Fortunately, the crash reproduces reliably.

run-webkit-tests is a test harness script that ultimately invokes either the WebKitTestRunner (WKTR) or DumpRenderTree (DRT) executables to run the tests. WKTR runs on WebKit2, which is a multi-process architecture. DRT runs on WebKit1 (a.k.a. WebKitLegacy), which is single processed. By default, run-webkit-tests runs WKTR because WebKit2 is what all modern WebKit browsers should be built on. But for our debugging purpose, it would be simpler to work with DRT instead.

Here, we will try to reproduce the crash by running the test with DRT directly instead of going through the run-webkit-tests test harness:

$ VM=WebKitBuild/Debug/ && \
DYLD_FRAMEWORK_PATH=$VM \
$VM/DumpRenderTree LayoutTests/inspector/debugger/regress-133182.html

Result: the crash still reproduces. Yay! Now we’re ready to dive in and diagnose what went wrong.

Inspecting the Bug with a Debugger

The first thing to do is to see what a debugger (lldb) can tell us about the crash:

$ VM=WebKitBuild/Debug/ && \
DYLD_FRAMEWORK_PATH=$VM \
lldb $VM/DumpRenderTree -- LayoutTests/inspector/debugger/regress-133182.html
(lldb) run

The debugger runs DRT and quickly stops due to a bad memory access here:

frame #0: 0x000000010262193e JavaScriptCore`JSC::JITCode::execute(this=, vm=0x00007fff5fbf6450, protoCallFrame=0x00007fff5fbf63c0) + 926 at JITCode.cpp:81
   78     } else
   79         entryAddress = addressForCall(MustCheckArity).executableAddress();
   80     JSValue result = JSValue::decode(vmEntryToJavaScript(entryAddress, vm, protoCallFrame));
-> 81     return vm->exception() ? jsNull() : result;
   82 }
   83

At line 81 (where the debugger stopped), jsNull() is effectively a constant, and result should be a variable in a register. The only memory access we see there is the read of vm->exception() which accesses the VM’s m_exception field (see VM.h). Looking at the source code (in JITCode.cpp), we see that vm is an argument that is passed into JITCode::execute() by its caller:

(lldb) up
frame #1: 0x0000000102507b58 JavaScriptCore`JSC::Interpreter::executeCall(this=, callFrame=, function=, callType=, callData=, thisValue=JSValue @ 0x00007fff5fbfa380, args=) + 2968 at Interpreter.cpp:1020
   1017 {
   1018     // Execute the code:
   1019     if (isJSCall)
-> 1020         result = callData.js.functionExecutable->generatedJITCodeForCall()->execute(&vm, &protoCallFrame);

Looking at the code for Interpreter::executeCall() (in Interpreter.cpp), we see that vm’s value was used without triggering a crash before execution reached JITCode::execute(). This means vm had a valid value previously. JITCode::execute() also does not have any code that alters vm (note that vmEntryToJavaScript() takes a VM* not a VM&).

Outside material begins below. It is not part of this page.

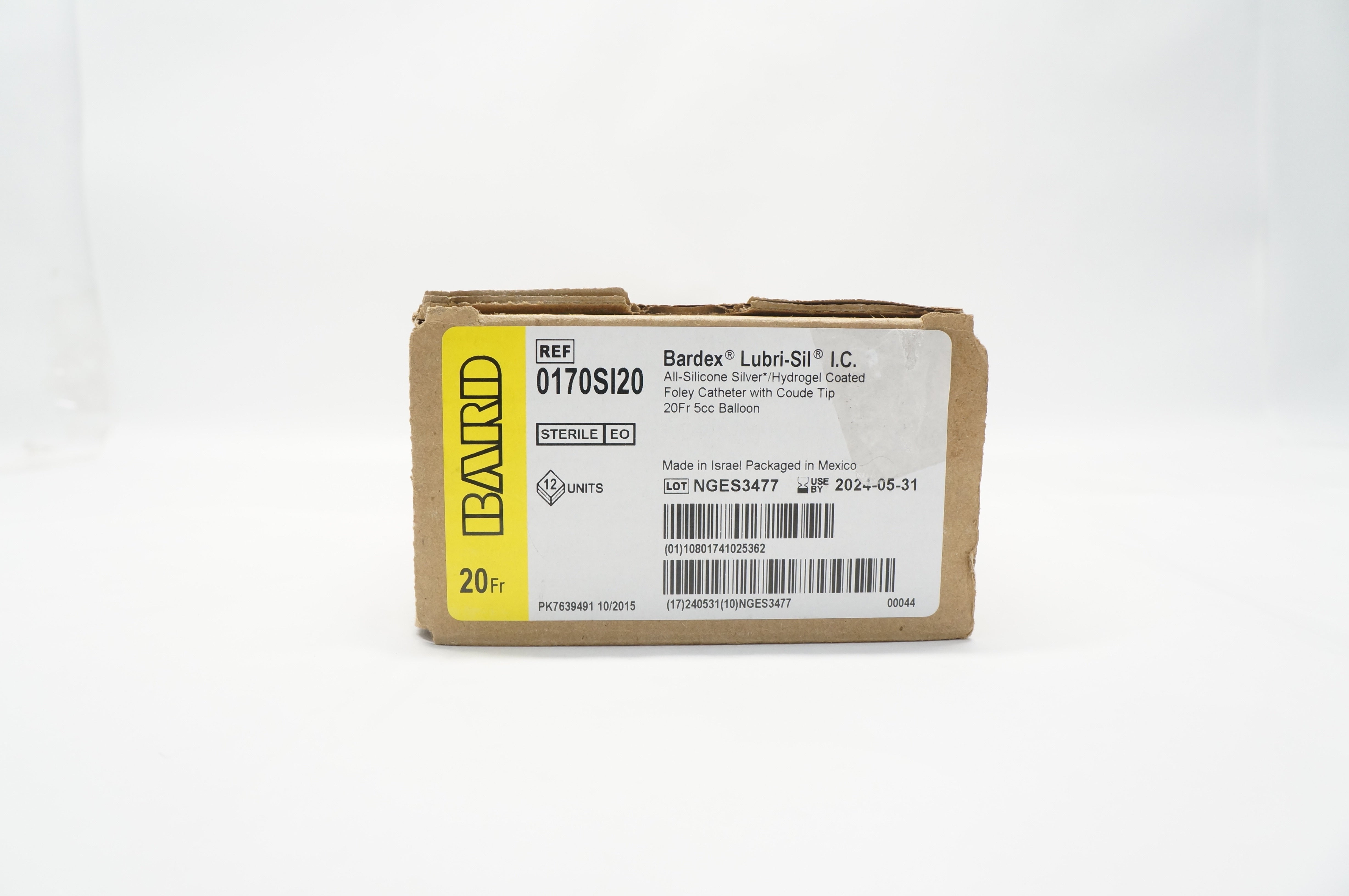 Bard 0170SI20 Lubri-Sil Anti-Microbial Foley Cath 20Fr 5cc Balloon - Case of 12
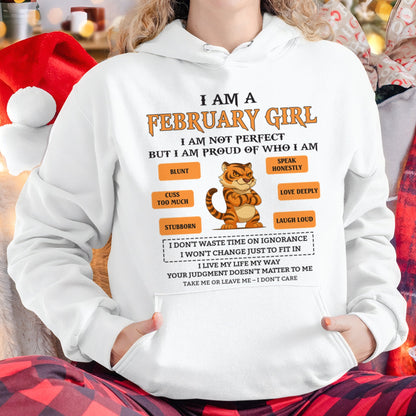 "I AM A FEBRUARY GIRL" - Birthday Gift For February Girls - FMA NINA02 (SKU26T-01-62-02)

This is strange indeed. vm should be valid, but is not. Let’s look at what the machine code is actually doing at this crash site:

(lldb) disassemble
...
   0x10262192e <+910>: callq 0x10376994c ; symbol stub for: __asan_report_store8
   0x102621933 <+915>: movq 0x80(%rbx), %rax
   0x10262193a <+922>: movq 0x18(%rbx), %rcx
-> 0x10262193e <+926>: movq %rcx, (%rax)
...

We see that we’re crashing while trying to store to the address in the %rax register. The value in %rax was computed using register %rbx just two instructions before. Let’s look at the register values:

(lldb) reg read
General Purpose Registers:
    rax = 0x0000000045e0360e
    rbx = 0x00007fff5fbf6300
    ...
    rbp = 0x00007fff5fbfa230
    rsp = 0x00007fff5fbfa050
    ...

Notice that %rbx contains a value that is close to the value of the stack pointer, %rsp. Comparing their values, we see that %rbx (0x00007fff5fbf6300) is pointing to a lower address than the stack pointer (0x00007fff5fbfa050). Since the stack grows from high to low addresses, that means %rbx is pointing to a part of the stack that is not allocated for use by this frame. That explains why ASan flags this memory access as invalid, thereby yielding a crash.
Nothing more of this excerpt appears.